Testata: Corriere della Sera
Data: 17 maggio 2009
Pagina: 27
Autore: Cristina Taglietti
Titolo: «Voi trattate l’Islam come un pericolo»

Riportiamo dal CORRIERE della SERA di oggi, 17/05/2009, a pag. 27, l'articolo di Cristina Taglietti dal titolo " Voi trattate l’Islam come un pericolo ".
Ramadan dichiara  di non aver aderito al boicottaggio della Fiera del Libro (come aveva fatto l'anno scorso, quando ospite d'onore era Israele ) perchè " la si­tuazione è molto diversa. Sono critico verso l’Egitto e il suo regi­me politico, che considero una dittatura, ma sono aperto a una discussione civile. Nel caso di Israele il problema è più ampio ed è la negazione dei diritti del popolo palestinese. I principi da difendere sono sempre gli stes­si, la strategia è diversa ". Israele non nega i diritti dei palestinesi. Semmai è il contrario. Israele è uno Stato democratico e ha il diritto di esistere e di difendersi dagli attacchi esterni. Ma per il fondamentalista Ramadan la difesa di Israele è una violazione dei diritti dei palestinesi. Gli unici veri oppressori dei palestinesi sono i terroristi di Hamas che, come scopo principale, non hanno la fondazione di uno Stato palestinese ma la distruzione di quello israeliano. Aggiungiamo che Tariq Ramadan viene riverito e invitato un po' ovunque, d'altronde siamo in Eurabia, mentre gli Usa lo considerano "persona non grata" e l'ingresso gli è vietato.  Ecco l'articolo:

TORINO — «L’Egitto è un grande Paese con una ricca e profonda civiltà, ma non è una democrazia. È un Paese a mag­gioranza musulmana che non può certo essere considerato esempio di trasparenza e corret­tezza. Non dimenticherò mai quando, nel ’94, sono entrato in Egitto. Mi hanno fermato per 12 ore, ma avevo il passaporto sviz­zero e non mi hanno toccato. Da­vanti ai miei occhi ho visto un ragazzo egiziano picchiato sel­vaggiamente ». Tariq Ramadan arriva al Salone del Libro per presentare il suo nuovo saggio La riforma radicale. Islam etica e liberazione (Rizzoli) e qualche polemica è d’obbligo. L’anno scorso era tra coloro che aveva­no aderito al boicottaggio, que­st’anno ha deciso di essere pre­sente, anche se non ama il regi­me politico del suo Paese d’ori­gine. «Ancora ieri mi hanno chiamato i sostenitori del boi­cottaggio. Ma quest’anno la si­tuazione è molto diversa. Sono critico verso l’Egitto e il suo regi­me politico, che considero una dittatura, ma sono aperto a una discussione civile. Nel caso di Israele il problema è più ampio ed è la negazione dei diritti del popolo palestinese. I principi da difendere sono sempre gli stes­si, la strategia è diversa».

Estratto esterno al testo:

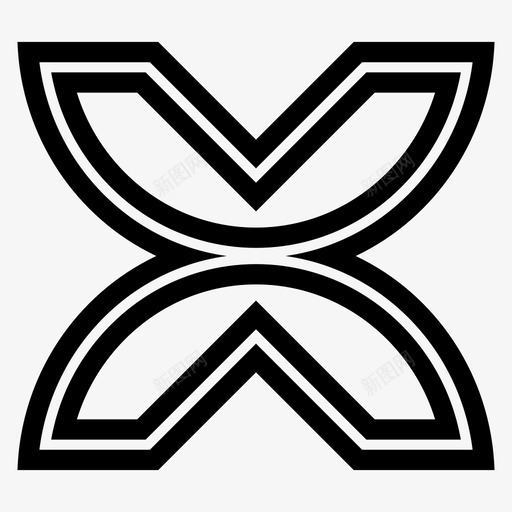 自由抽象阿迪卡拉图标svg_新图网 https://ixintu.com 传统 加纳 抽象 自由 设计 象征 阿迪卡拉 阿迪卡拉符号和图标 非洲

Al Lingotto Ramadan parla dell’Islam alla sfida della moder­nità, anzi della contemporanei­tà, e individua in una riforma ra­dicale delle categorie, degli stru­menti e delle metodologie della giurisprudenza islamica il mo­do per affrontarla. Una sfida che deve passare anche attraverso
quello che l’intellettuale defini­sce uno «spostamento del cen­tro di gravità dell’autorità verso i cittadini. Il che significa che la comunità islamica deve farsi parte attiva dei processi politici, economici, sociali, andando ol­tre il vittimismo, la mentalità passiva, la rassegnazione che la caratterizzano».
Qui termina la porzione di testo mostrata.